Limitations
A high availability DB system has certain limitations.
- A high availability DB system performs rolling upgrades, which has a brief period of downtime before the newly promoted MySQL instance resumes connections. Each MySQL instance is upgraded separately. See Maintenance of a High Availability DB System.
- High availability is supported for version 8.0.24 of MySQL, or higher. You cannot create a highly available DB system using a backup from a DB system with an earlier version.
- You can access the MySQL instance that functions as the primary instance only. You cannot access the other two secondary instances directly, using MySQL Shell, or any other such client.

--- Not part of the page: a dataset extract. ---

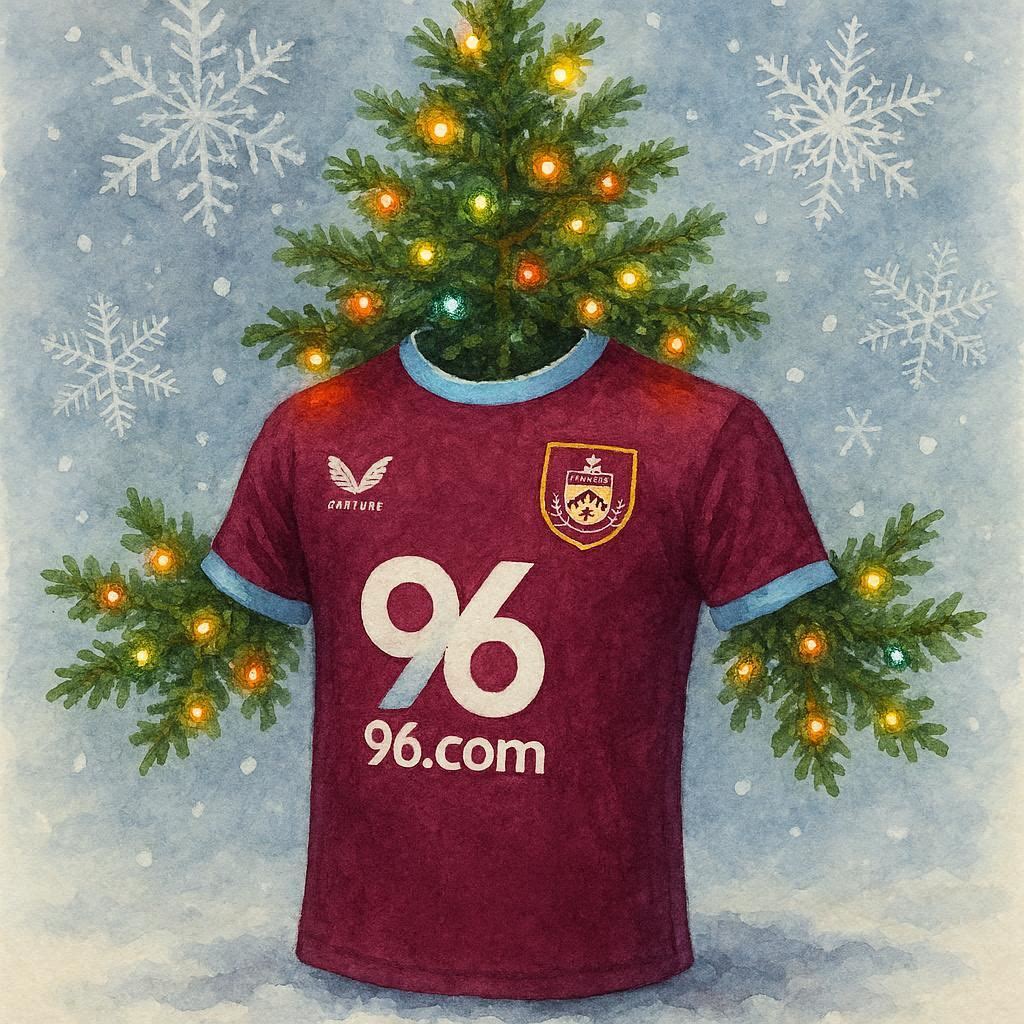 Burnley Football shirt on a snowy background with a Christmas tree.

- The maximum size of transaction is shape-dependent. The shapes and
associated transaction size limits (bytes) are as follows:
- MySQL.VM.Standard.E3.1.8GB: 85899346
- MySQL.VM.Standard.E3.1.16GB: 171798692
- MySQL.VM.Standard.E3.2.32GB: 343597384
- MySQL.VM.Standard.E3.4.64GB: 687194767
- MySQL.VM.Standard.E3.8.128GB: 1073741824
- MySQL.VM.Standard.E3.16.256GB: 1073741824
- MySQL.VM.Standard.E3.24.384GB: 1073741824
- MySQL.VM.Standard.E3.32.512GB: 1073741824
- MySQL.VM.Standard.E3.48.768GB: 1073741824
- MySQL.VM.Standard.E3.64.1024GB: 1073741824
- If a HeatWave load or reload operation is going on, enabling or disabling high availability can fail. It is recommended to not enable or disable high availability while a HeatWave load or reload operation is going on.
- Prior to MySQL 8.3.0-u2, you cannot enable high availability on a DB system with HeatWave Lakehouse enabled.